Alex: Ich empfehle Pama International, eine englische Band von
ehemaligen Loafers-, Madness- und Specialsmitgliedern. Es gibt fünf Platten
glaube ich, ,Pama Int.', ,Too many freaks, not enough stages', ,Float like a
butterfly', ,Trojan Sessions' und ,Dupstore Special', die ich allen, wie man
so schön sagt, ans Herz legen möchte.
DerDUDE:
Wen würdet ihr als den "Godfather of Ska" bezeichnen?
Yellow Umbrella:
Thomas: Diese Bezeichnung hat sich für Laurel Aitken eingebürgert.
Alex: Kürzlich hab ich mir ausgemalt, wie sich Laurel Aitken "Godfather
of Ska", und James Brown "Godfather of Soul" im Himmel gegenseitig einigermaßen
umständlich vorgestellt werden ("Godfather of Ska- Godfather of Soul! Godfather
of Soul- Godfather of Ska! etc.etc.), und wie sie sich dann ins Fäustchen lachen
und Keith Emerson, den "Godfather of Keyboard-orientierter Powermetal" links
liegen und nicht mitspielen lassen. Ist der eigentlich auch schon tot? Hoffentlich.
DerDUDE:
Welche SKA-Page würdet ihr den Surfern im Netz besonders empfehlen? Welche
Favoriten habt ihr?
Yellow Umbrella:
www.ska-talk.org
DerDUDE:
Was steht an nächsten Projekten/ Konzerten an?
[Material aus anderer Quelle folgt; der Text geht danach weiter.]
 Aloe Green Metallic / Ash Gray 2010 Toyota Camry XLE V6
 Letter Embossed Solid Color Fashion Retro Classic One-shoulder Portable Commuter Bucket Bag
Wird es eine neue CD geben?
Yellow Umbrella:
Thomas: Unser
neues Album "little planet" wird am 11. Mai 2007 auf Pork Pie erscheinen.
Dazu gibt es eine Tour, die bisher so aussieht:
23.05.2007, Mittweida, Bergfest
01.06.2007, Chemnitz, AJZ
02.06.2007, Dresden, Röschenhof, CD-Release-Party
15.06.2007, Leipzig, Conne Island
16.06.2007, Prag (CZ), Rock Cafe
20.06.2007, Halle, Objekt 5
21.06.2007, Greifswald, Fete de la Musique
22.06.2007, Warschau (PL), Dobra Karma
21.07.2007, Berlin, YAAM Open Air
to be continued ...
DerDUDE:
Ich danke euch für dieses ausführliche, informative und interessante
Interview!
Für den kleinen SKA-Nachwuchs auch nochmal alles Gute, Thomas!